Larry Tremblay, un sauveur glauque, une victime enfermée et un thriller passionnant 

Entretien

On a du mal à s’identifier au narrateur, au « je » de ce Christ obèse. C’est qu’Edgar (baptisé ainsi en hommage à Edgar Allan Poe), on le voit un peu gros, un peu poisseux, un peu veule. Pas net. Il a la trentaine, il traîne. Sa mère vient de décéder. C’était son phare. Il est désemparé. Cette nuit-là, il s’est assoupi sur sa tombe. Il entend soudain des bruits. Il se cache puis va voir. Quatre hommes battent un corps à coups de pied. Quand ils s’en vont, Edgar rejoint la victime. Elle vit encore. Il la prend dans ses bras, la place dans sa voiture, l’emmène chez lui, l’installe dans la chambre de sa mère. Et la retient comme sa chose, comme une prisonnière. Une étrange relation se noue entre Edgar et la victime. Comme s’ils s’étaient assemblés, comme si l’un n’existait plus sans l’autre. Que va-t-il se passer ? Le court roman de Larry Tremblay, un écrivain québécois qui est plutôt d’habitude dramaturge que romancier, devient un thriller haletant qu’on lit vite, pris qu’on est par le suspense. Et qu’on relit aussi parce qu’il reste des zones d’ombre.

Ce « Christ obèse », ça a été votre chemin de croix ?

Pas du tout, ça a été un grand plaisir de l’écrire. Pour moi, la création n’est pas reliée à la souffrance, même si j’ai voulu aborder la souffrance dans ce roman et aussi le thème de la culpabilité. Au départ, je ne savais pas du tout que j’allais écrire un thriller. Je n’ai pas de plan, donc j’écris ce qui me vient.

Jamais de plan ?

En fait, j’ai écrit la première scène, celle du cimetière, et au moment où il s’approche de la victime, je me suis demandé : que va-t-il faire ? S’il l’amène à l’hôpital ou s’il appelle la police, il n’y aura pas de roman, alors j’ai eu l’idée qu’il l’amène chez lui et qu’il se décrète son sauveur, et là le roman est arrivé. Je n’ai jamais de plan, j’ai une scène de départ.
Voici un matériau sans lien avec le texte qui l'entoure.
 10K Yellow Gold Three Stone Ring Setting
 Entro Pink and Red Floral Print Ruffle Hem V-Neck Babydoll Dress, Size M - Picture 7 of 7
Et là, j’enquête comme un policier, j’interroge mes personnages. C’est comme ça que j’arrive à trouver mon histoire.

Tout le roman oscille entre la réalité et l’illusion. Vit-on cela ou l’a-t-on rêvé ?

J’adore ça, l’ambiguïté, l’ambivalence. Si on sait trop de choses au départ, on n’a pas cette espèce de suspense, de déséquilibre, comme lecteur. Le lecteur n’est jamais sûr d’avoir tout perçu. Il doit réfléchir. J’aime bien le faire travailler. Quand il comprend trop vite, je suis déçu. On ne peut pas tout comprendre d’une œuvre. On a plusieurs interprétations possibles. C’est une œuvre ouverte.

Vous parliez de culpabilité.

C’est à cause du catholicisme. On nous enseignait la Bible au Québec et on nous disait, quand on était tout petits, qu’on était né avec une tache originelle, le péché originel, qu’il fallait laver, purifier. On naît déjà taré, quoi. Donc, on est coupable en partant. Je me suis révolté contre tout ça, comme tout le Québec, mais il reste des traces.

Le Christ obèse, c’est de la provoc ?

Oui. Mais j’aime ça. Si le Christ avait été obèse, la chrétienté aurait-elle fonctionné ? Aurait-on eu le même rapport à cette religion ? A 20 ans, j’ai été en Inde et j’ai vu qu’il y avait d’autres figures de dieux, avec des seins, des pénis, des formes, ça n’avait rien à voir avec notre Christ squelettique, tortionné, souffrant.

Edgar se prend pour le sauveur, mais le vrai Christ, c’est la victime.

Oui, les héros s’inversent. La victime se christifie, il y a une confusion-fusion. C’est ambigu et ça met le lecteur dans un état d’inconfort et en même temps d’une certaine jouissance.